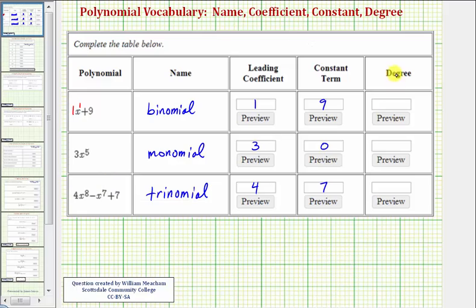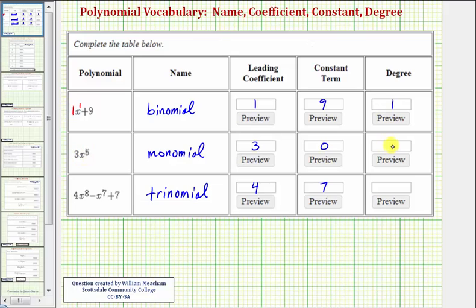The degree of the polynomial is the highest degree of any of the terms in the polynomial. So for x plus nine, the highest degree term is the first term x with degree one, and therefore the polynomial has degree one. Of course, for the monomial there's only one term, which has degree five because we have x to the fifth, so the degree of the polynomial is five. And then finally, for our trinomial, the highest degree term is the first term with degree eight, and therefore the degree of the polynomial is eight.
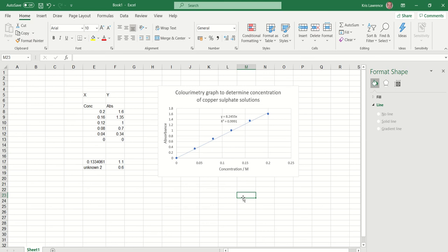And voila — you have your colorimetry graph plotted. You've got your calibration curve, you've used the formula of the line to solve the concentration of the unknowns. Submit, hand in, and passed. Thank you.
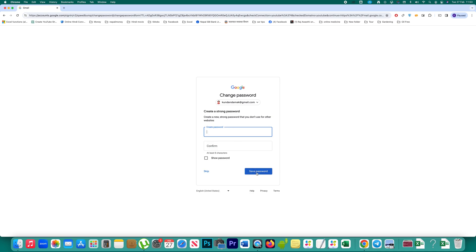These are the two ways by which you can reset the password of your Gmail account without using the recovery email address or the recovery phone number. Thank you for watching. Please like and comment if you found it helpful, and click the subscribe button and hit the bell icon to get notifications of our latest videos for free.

==

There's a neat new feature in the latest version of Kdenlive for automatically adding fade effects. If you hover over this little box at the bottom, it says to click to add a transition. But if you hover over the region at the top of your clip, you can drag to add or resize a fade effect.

* * *

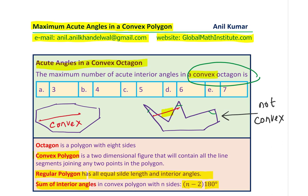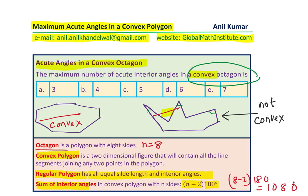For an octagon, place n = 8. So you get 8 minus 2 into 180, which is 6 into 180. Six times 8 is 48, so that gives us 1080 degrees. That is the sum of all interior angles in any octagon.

## WHAT THE TASK REQUIRES
Write out word for word the lines above that run from the one with "The degree of the polynomial is the" to the one with "These are the". Include both end lines; exclude the images.

## ANSWER BOX
The degree of the polynomial is the highest degree of any of the terms in the polynomial. So for x plus nine, the highest degree term is the first term x with degree one, and therefore the polynomial has degree one. Of course, for the monomial there's only one term, which has degree five because we have x to the fifth, so the degree of the polynomial is five. And then finally, for our trinomial, the highest degree term is the first term with degree eight, and therefore the degree of the polynomial is eight.
And voila — you have your colorimetry graph plotted. You've got your calibration curve, you've used the formula of the line to solve the concentration of the unknowns. Submit, hand in, and passed. Thank you.
These are the two ways by which you can reset the password of your Gmail account without using the recovery email address or the recovery phone number. Thank you for watching. Please like and comment if you found it helpful, and click the subscribe button and hit the bell icon to get notifications of our latest videos for free.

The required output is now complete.